Help
User's guide
Browsing
WholeCellSimDB is very easy to use. Use the "Browse" menu at the top-left to browse the organisms and simulation batches available in WholeCellSimDB.
Searching
Three methods are available to search WholeCellSimDB:
- Basic full-text search: use the search box at the top-right of each page to search the organism, simulation batch, and investigator metadata.
- Google full-text search: use the search box at the top-right of each page to search the entire WholeCellSimDB site.
- Advanced structured search: use the "Search" menu at the top-left to access the advanced search form which allows users to search simulation batches by metadata, option and parameter values, and by modeled processes and states
Visualizing simulations
Three methods are available to visualize predicted phenotypes:
- The home page provides a graphical interface to browse all of the predicted phenotypes across all available simulations, and select up to ten to plot.

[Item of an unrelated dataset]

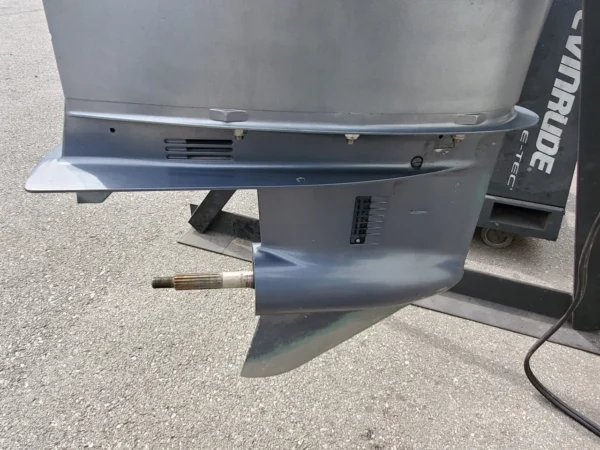 2008 Yamaha 115 HP 4-Cylinder EFI 4-Stroke 20" (l) Outboard Motor - Image 7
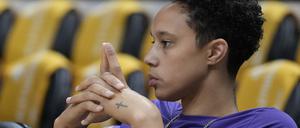 Die monatelang in Russland inhaftierte US-Basketballerin wurde auf dem Flughafen in Dallas verbal attackiert.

- The simulation pages (e.g. simulation #1) provide a graphical interface to browse all of the predicted phenotypes for a given simulation, and select up to ten to plot.
- The batch-state pages (e.g. Wild-type set #1 growth) plot the predicted phenotype across all simulations within a batch.
Exporting simulations
Three methods are available to export simulations from WholeCellSimDB:
- Users can use the download form to download simulations for selected simulation batches in HDF5 format.
- Users can use the HDF5 icon at the bottom-right of most pages to export the simulation data described on each page. This allows uers to export entire organisms, simulation batches, and simulations. This also allows users to export states and properties across all simulations in WholeCellSimDB.
- Users can use the get_data_series web service to export the predicted phenotype of a particular rows/columns of a particular states of a particular simulations in HDF5, JSON, BSON, or MessagePack format. The web service requires two query parameters:
- format: string indicating desired export format: "hdf5", "json", "bson", "msgpack", or "numl"
- data_series: JSON formatted array indicating desired simulations/states. Each element of the array must be a object containing four fields:
- simulation: integer indicating id of desired simulation
- property: integer indicating id of desired state property
- row: integer indicating id of desired state property row
- col: integer indicating id of desired state property column
Simulation, property, row, and column ids can be obtained using the list_data_series web service.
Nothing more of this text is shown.